En cuanto a los humanoides, el profesor Ishiguro señala en su despacho en la Universidad de Osaka que el objetivo de estos robots es ser capaces de interac­tuar con nuestro cerebro. Los necesitamos para “mirar dentro de nosotros mismos”, pues, en contra de lo que se esperaba, opina que la neurociencia no está logrando desentrañar el funcionamiento de la mente humana. En esto coincide con la apreciación de Hiroshi Fujiwara, director ejecutivo de la Asociación Japonesa de Robots, que agrupa a empresas del sector, para el cual los robots humanoides sirven ante todo para conocernos a nosotros mismos. La última aportación de Ishiguro es una robot de nombre Kodomoroid, hecha a semejanza de una presentadora de televisión, capaz de sacar noticias de Internet y leerlas. El próximo objetivo de Ishiguiro, señala, es construir un robot que pueda formular intenciones propias.

En el METI se insiste en que, a diferencia de 10 años atrás, se pone ahora menor énfasis en los humanoides, pues es, por ejemplo, más importante que un robot sea capaz de levantar a ancianos de sus camas a que parezca humano. Sin embargo, el robot bebé foca Paro, también japonés, que ya se utiliza en centros en todo el mundo, sirve para establecer una relación emocional con personas con alzhéimer o demencia. También las emociones sirven para comunicar información, insiste Ishiguro, para el cual un androide puede expresar “emociones que parezcan humanas”.

Uno de sus ayudantes, el profesor Kazuya Sakamoito, nos indica cómo se utilizan los humanoides por ejemplo en el teatro. Una compañía así se presentó hace unos años en Barcelona, y un conocido autor japonés como Oriza Hirata se ha especializado en ello. Se ha adaptado Las tres hermanas, de Chéjov, para humanoides en 2013. Pueden ser mejores actores que los humanos, insiste Sakamoito. En Kawasaki —uno de los mayores fabricantes de robots industriales de Japón— nos enseñan también un vídeo de un famoso ballet de brazos de robots con bailarines humanos.
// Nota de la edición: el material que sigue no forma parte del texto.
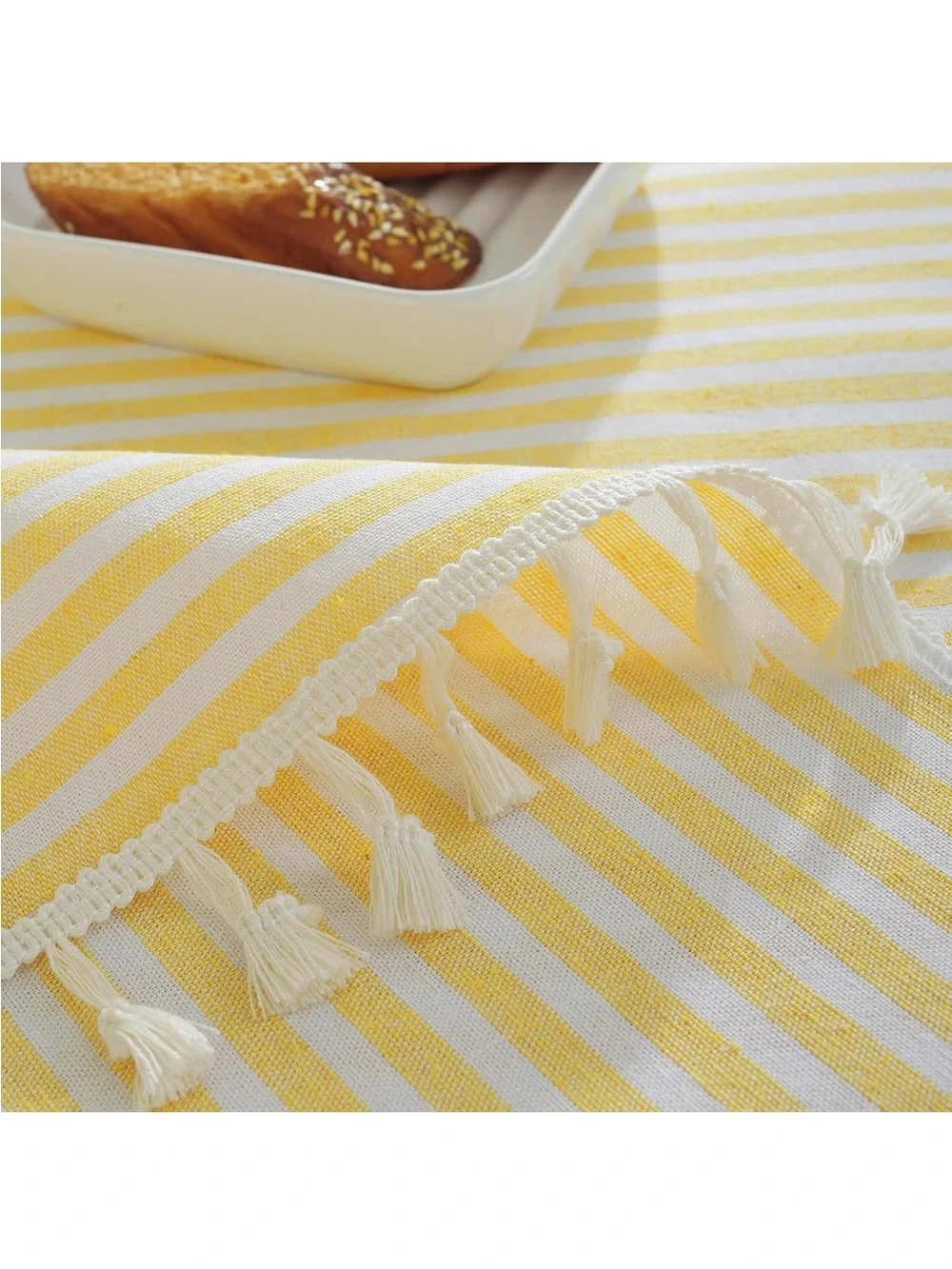 NEW Striped 36” square, cotton blend tablecloth. Yellow & White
Quizás por todas estas razones, no la robótica sino el debate ético sobre los robots, está más atrasado en Japón que en Europa o en EE UU. Todas ellas contribuyen a explicar la relación de Japón, el país con más robots del mundo por trabajador, con estas máquinas.

Andrés Ortega, investigador sénior del Real Instituto Elcano, está escribiendo un libro sobre el impacto de la robotización y la automatización.